→ What to produce
Could you print, exactly and without pictures, only the lines from the one with "Saliegroen Zwitsers lichtdraads" through the end of the records below?

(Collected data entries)
#####
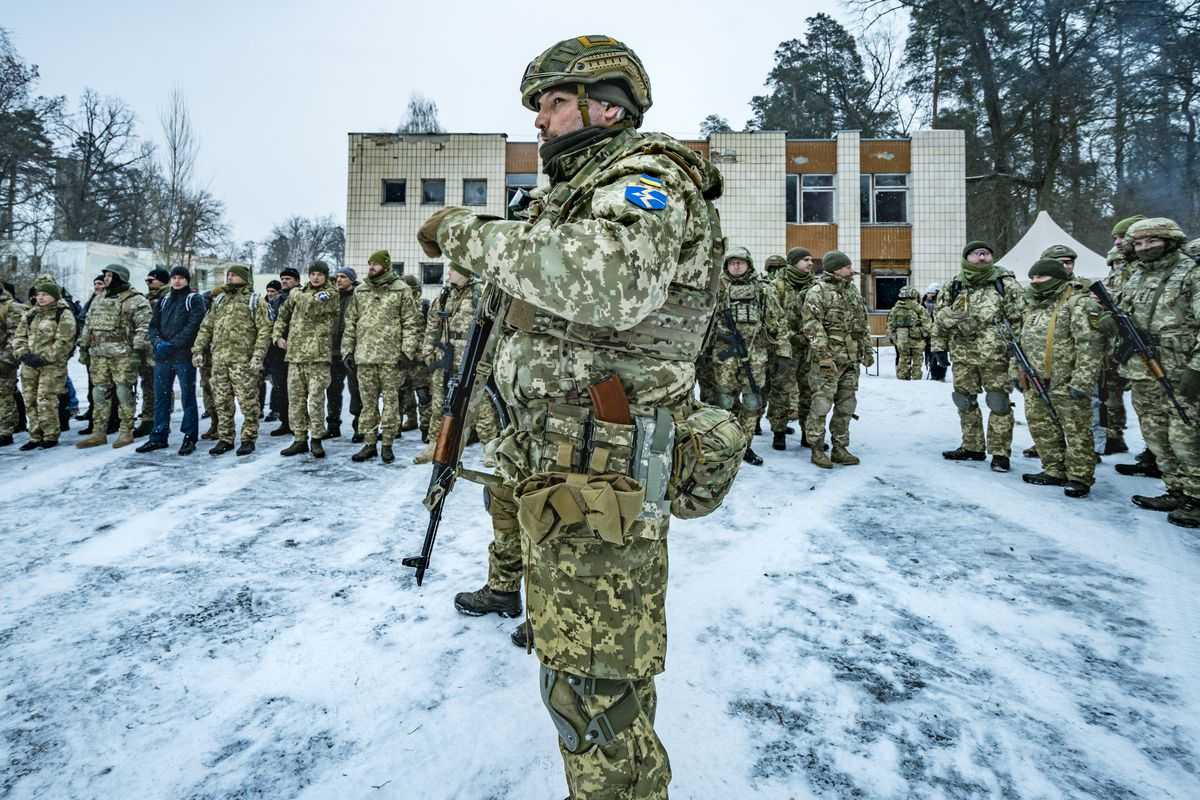 Gawat Rusia Terus Menerjunkan Pasukan hingga 200 Ribu Tentara, Ukraina Bersiap dengan Alutsista dan Militer di Perbatasan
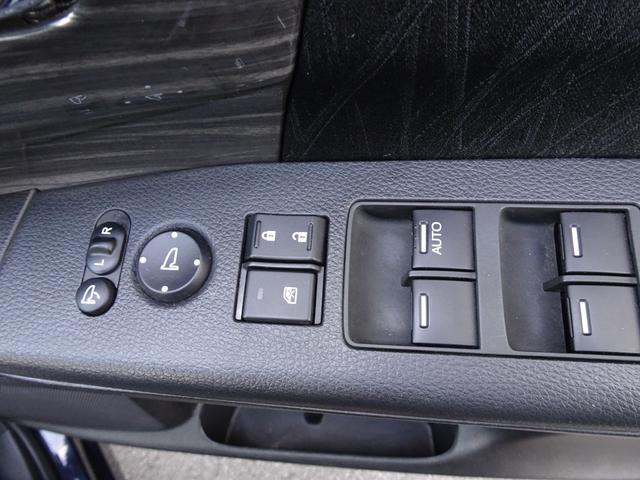 オデッセイ アブソルート 7人乗・衝突軽減ブレーキ・SDナビ・バックモニター・ETC・ドラレコ・Bluetoothオーディオ・両側パワースライドドア・スマートキー・プッシュスタート・純正アルミホイール・保証書・ロングラン保証(17枚目)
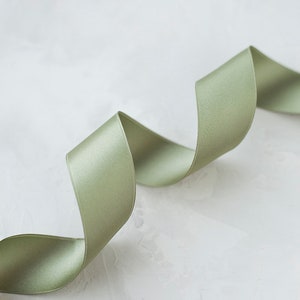 Saliegroen Zwitsers lichtdraads satijnlint • 1" • 1,5" • 2,75"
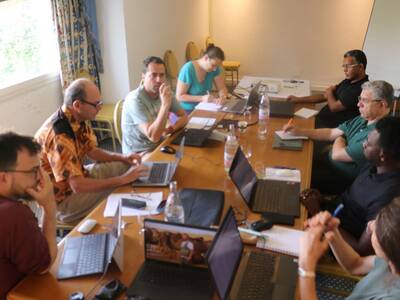 Group of scientists discussing during the workshop 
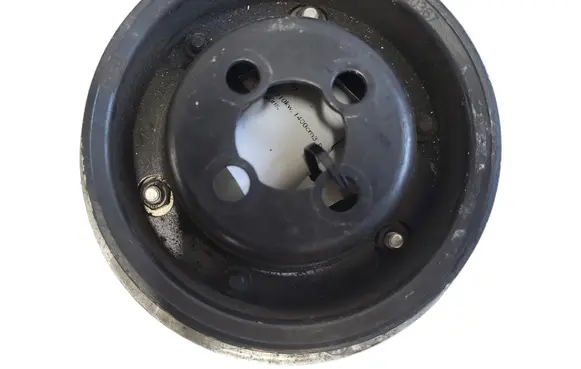 Volkswagen Touran I Water pump pulley 03C880727D 7348003 7348003MD99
#####
→ Result
 Saliegroen Zwitsers lichtdraads satijnlint • 1" • 1,5" • 2,75"
 Group of scientists discussing during the workshop 
 Volkswagen Touran I Water pump pulley 03C880727D 7348003 7348003MD99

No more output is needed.